Not wanting to return to my hometown of Kansas City, Missouri, I called my father. He was living in El Paso at the time, and having visited the city once, I thought maybe this could be a place where I could manage to get back on my feet. Sure enough, I was driving from LA to El Paso within days of that call. My plan was a six-month reboot. August of this year, 2018, marks my five-year anniversary in El Paso.
I wasn’t sure what to expect from El Paso. I knew it was the desert, so brown and hot. I knew it was a border town, but had no real understanding of what that meant or how close Mexico was. I had heard vaguely about the violence and drugs across the border, but my father informed me (and calmed my mother) that El Paso was a safe city despite that. None of that mattered to me. I just wanted something different.

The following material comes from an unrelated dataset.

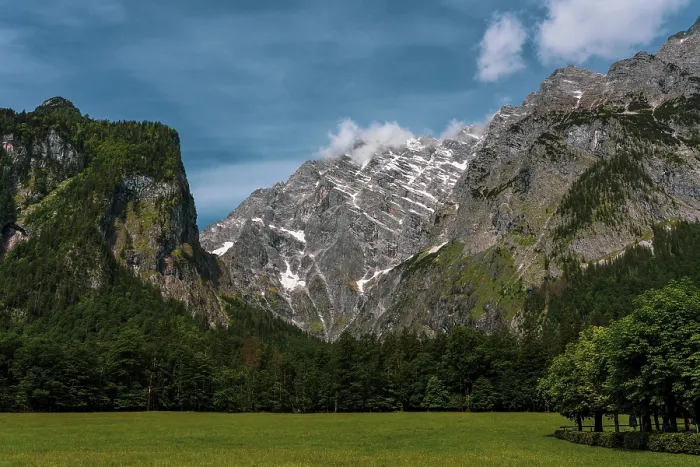 Framed Print : Panoramic view of the mountains in Berchtesgadener Land in Bavaria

My first impressions of the city were formed during my first six months when I kept to myself, didn’t do much and felt isolated. I did take full advantage of the weather and landscape by hiking and biking, and came to appreciate the mountainous landscape more. During this time I fell in love with the city. Soon I would get a job and start meeting people. My social circle grew quickly as I met many friendly and welcoming people.

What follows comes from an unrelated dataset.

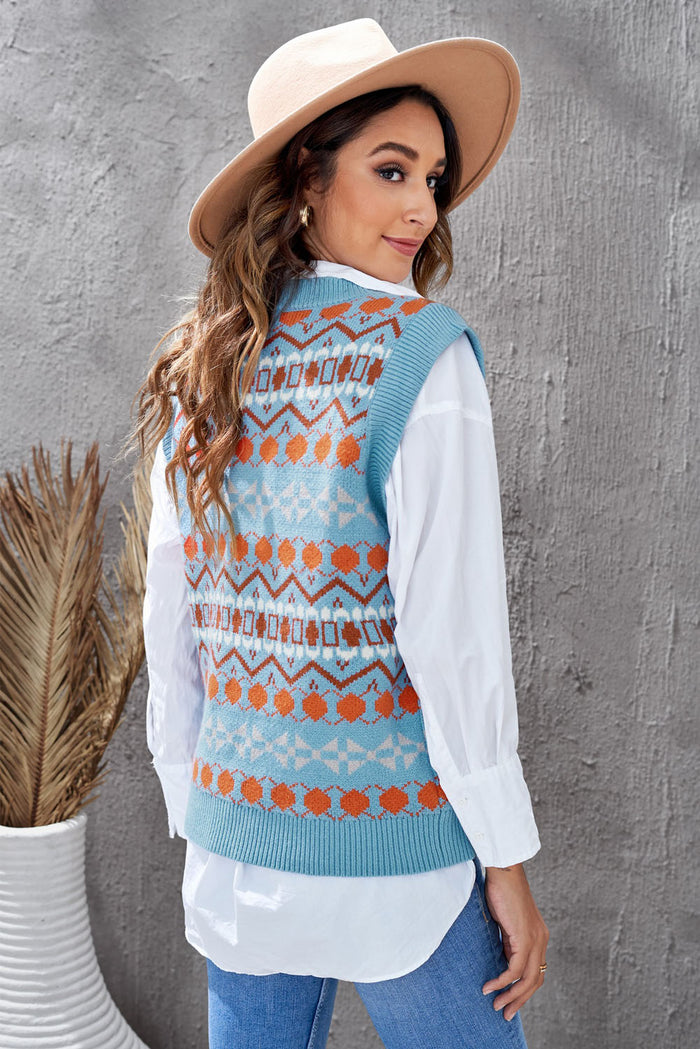 Sky Blue Tribal Print V Neck Knitted Sweater Vest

The stories of Juarez never scared me enough to stay away. I have been to Juarez numerous times, on foot, in car and even on a bicycle, and have never felt a threat or unsafe. Same goes for this side of the border. El Paso has felt home-y and safe to me since I’ve been here. I think misconceptions about this city and Juarez are valid, in that the violence and drugs are real and are happening, but they don’t dictate day-to-day life for most people. Outsiders who place those misconceptions on this city need more insight, more research and a true experience like I’ve had to provide information. I find the proximity of the two cities to be exciting, collaborative and rich.
After countless jobs, trials and errors, laughs and tears, I feel I have finally found my place here. I would eventually find a yoga studio that would become my second home, and be the place where I would find one of my life’s passions: teaching yoga. I made my way back to higher education and started attending The University of Texas at El Paso, where my studies in communication intrigue and excite me each day. Ultimately, the people are what has won me over. I have met amazing people, racially and ethnically diverse people from all walks of life that uplift me, inspire me, challenge me and love me for who I am. I have never met a community that has so much respect and understanding for one another.

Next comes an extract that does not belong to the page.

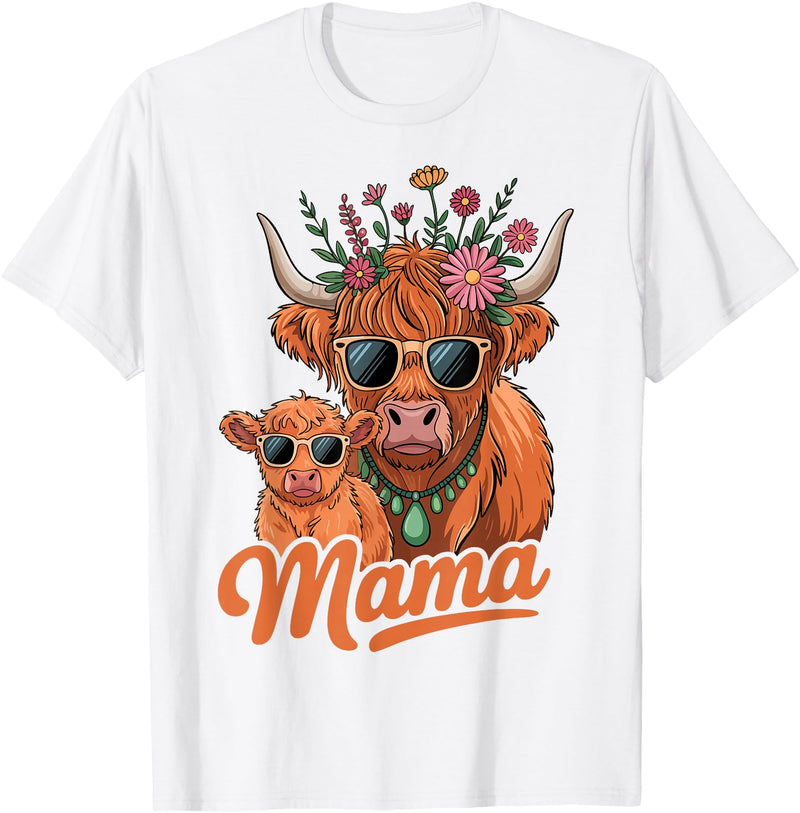 Scottish Farm Matching Mom Daughter Highland Cow Highland Cow Mama Mom Baby Calf Daughter Floral Mothers Day T-Shirt - White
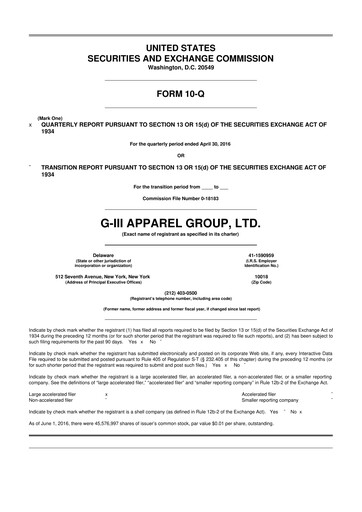 Vorschaubild G-III Apparel Group 10-Q Quartalsbericht 2017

I’m not sure if it’s the border, the culture, the history, but whatever it is, it works. I am not Mexican, but I am Latina and being here has helped me get in touch with that side of me. That’s something I have really loved about being here as well.
Overall, my experience here has been a delight. This place has helped me grow into a person that I really love. It inspires me, it’s full of potential, activism, community, strong bonds I’ve never really felt and ultimately, I feel the love here. I’m beyond blessed that life has lead me here. So, I want to thank you El Paso. You’ve been a life saver.